1 #include <Python.h>
2 #include
3 #include "theano_mod_helper.h"
4 #include "cuda_ndarray.cuh"
5 #include <math.h>
6 #include <numpy/arrayobject.h>
7 #include <numpy/arrayscalars.h>
8 #include "cudnn.h"
9 #include "cudnn_helper.h"
10 //////////////////////
11 //// Support Code
12 //////////////////////
13
14 void _capsule_destructor(PyObject *o) {
15 void *d = PyCapsule_GetContext(o);
16 void *p = PyCapsule_GetPointer(o, NULL);
17 void (*f)(void ) = (void ()(void *))d;
18 if (f != NULL) f§;
19 }
20

…and to really add insult to injury the simplicity of getting cuDNN 5.1 back into place and going is as simple as…

tar -zxf cudnn.tgz
cd cuda
sudo cp lib64/* /usr/local/cuda-8.0/lib64/
sudo cp include/cudnn.h /usr/local/cuda-8.0/include

Truely unbelievable no dramas, no nasty cuDNN theano messages (part from the deprecation warning), it just works! try that with cuDNN 6.0.20 and get a world of hurt.
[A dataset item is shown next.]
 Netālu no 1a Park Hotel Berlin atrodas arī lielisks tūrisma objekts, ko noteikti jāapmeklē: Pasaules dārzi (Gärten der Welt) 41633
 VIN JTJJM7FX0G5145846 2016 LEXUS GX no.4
I must move on it has me beaten, I think I will wait for Theano 10 maybe it has something to offer I know theano 0.9.0rc4 is out there but I tried other variants before no use so far, its something deeper in my system, something thats missed, something I must do but others need not do.

Thanks for every ones help it has been appreciated.!
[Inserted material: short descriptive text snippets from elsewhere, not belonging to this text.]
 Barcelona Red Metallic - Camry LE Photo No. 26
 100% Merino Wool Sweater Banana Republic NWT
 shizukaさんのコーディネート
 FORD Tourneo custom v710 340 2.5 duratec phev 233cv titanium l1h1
@stephenl I think I have it.

I reinstalled fully twice and was crashing out with the same errors as you were getting.

I installed 16.04 server.
then used the standard instructions here https://github.com/fastai/courses/blob/master/setup/install-gpu.sh

Except I used cuda 6.0.20 and it was crashing.
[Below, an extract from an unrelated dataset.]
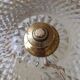 Plafonnier globe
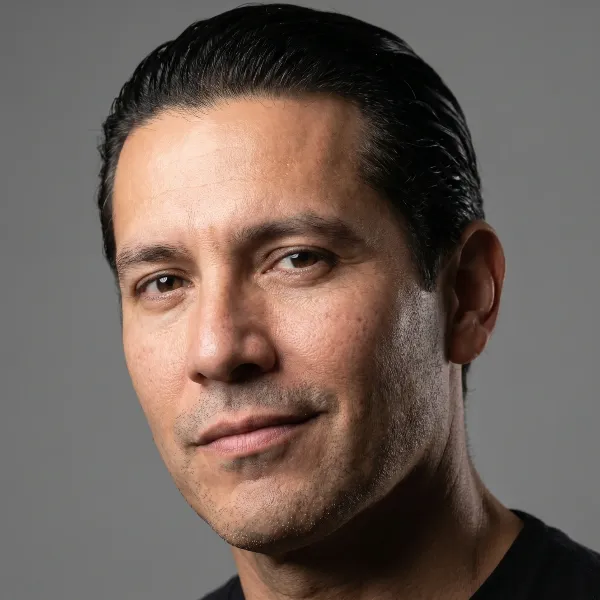 Jim Vasquez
The last two steps which fixed it were:
Use the instructions here to setup libguparray http://deeplearning.net/software/libgpuarray/installation.html
extract/clone the source to a directory
For libgpuarray:

cd directory
mkdir Build
cd Build
cmake … -DCMAKE_BUILD_TYPE=Release # or Debug if you are investigating a crash
make
make install
cd …

Then change the .theanorc - here is mine:
[global]
device = cuda
floatX = float32

[cuda]
root = /usr/local/cuda

Finally install pygpu
conda install pygpu

that worked for me.

Sorry for the formatting. MD is not working very well in this message

Thanks leon - ok it looks like you have the 8.0.44 which uses a ‘cuda’ directory not ‘cuda-8.0’ a constant source of confusion on the net. It changes if you use the .run file to cuda-8.0 and of course there is actually another ‘cuda’ linking directory during install for symbolic links. Will give it a go…Cheers

These are the file sizes of the ones I have installed:
1913589814 Apr 10 21:24 cuda-repo-ubuntu1604-8-0-local-ga2_8.0.61-1_amd64.deb
201123192 Apr 10 21:24 cudnn-8.0-linux-x64-v6.0.tgz

ok looks like you pulled down 8.0.61-1 as the target and not what was in the original script which is saying

cuda-repo-ubuntu1604_8.0.44-1_amd64.deb - noted
cudnn-8.0-linux-x64-v6.0.tgz - noted

cud is towards the bottom did you do cuDNN when you did the CUDA file? order maybe import as conda install pygpu
was up furthe the list.

rebuilding now

Yes. Once I realized that 8.0.44 was slow I stopped installing it.
I did cudnn right after I did cuda-repo
Then I did all the other stuff to get it running in a crashing state
Then I did libgpuarray
Then Changed the .theanorc
then I installed pygpu.
thats when the crashing stopped.

I hope you get it working. I know I have spent at least 18 hours putzing around with this. I don’t mind learning but once its working, its nice to not have to change anything for a while lol!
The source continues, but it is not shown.